Canadians are ready for at least a small wealth redistribution. No study of carbon fee-and-dividend has been done for Canada, but the results would be similar to that of the United States: that a carbon fee-and-dividend would effectuate a modest wealth redistribution from rich to poor. Not that we are talking about fleecing the rich. If the $30 per ton CO2 tax in effect in British Columbia were to apply nationally, emissions (576 Mt in 2013) would likely decrease by about 7% in response to what would be an 7% increase in fossil fuel price (a -1 elasticity), resulting in emissions of about 535 Mt of CO2, producing revenues of about $16 billion Cdn. Spread out over the 35.8 million Canadians, that would be about $450 for every man, woman, and child, or an average of $1,800 for a household of four. We know that wealthy Canadians consume more, poor Canadians less, so a lump-sum rebate, or “dividend,” would wind up giving the poor back a little more than they pay out, the wealthy not so much. But the difference is small, a transfer payment from a rich family to a poor family on the order of a couple of hundred dollars. Still, in a political reality in which the poor are globally clamoring for greater equality, this is in the right direction, and really not much to complain about if you’re a wealthy Canadian. Certainly wealthy British Columbians have moved on to more important things, like hockey.

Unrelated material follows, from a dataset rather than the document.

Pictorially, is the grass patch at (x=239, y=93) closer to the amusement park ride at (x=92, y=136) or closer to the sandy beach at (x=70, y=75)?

Canadians will want something simple, clean, and straightforward. There is something small, simple and straightforward about a carbon fee-and-dividend. Dollars go into a trust fund, not unlike sovereign wealth funds like Alberta’s Heritage Savings Trust Fund or Alaska’s Permanent Fund, only the incoming dollars would go right back out, instead of invested. The amount of money for some industries would be large — cement and coal-fired power plants — but for most Canadian households, it would be a mostly manageable adjustment. Unlike the British Columbia carbon tax, the dividend would make net winners out of the poorest Canadians. Could political shenanigans hijack some of those carbon tax proceeds? Of course, that is always possible. But Justin Trudeau has a majority, and he doesn’t have to deal with the opposition, the way that Democrats would have to work with Republicans in the U.S. Justin’s in control. The only question is whether Canadians would punish the young Prime Minister for this. If he proceeds deliberately and with notice — something Gordon Campbell did not do in British Columbia — he will not be politically punished, but rewarded.
A carbon fee-and-dividend is small, self-contained, costs rich Canadian households a couple of hundred dollars a year, benefits poor Canadian households by a few hundred dollars a year, and reduces emissions. You want to mess with that? Step right up and announce your opposition to a small wealth redistribution or to climate policy.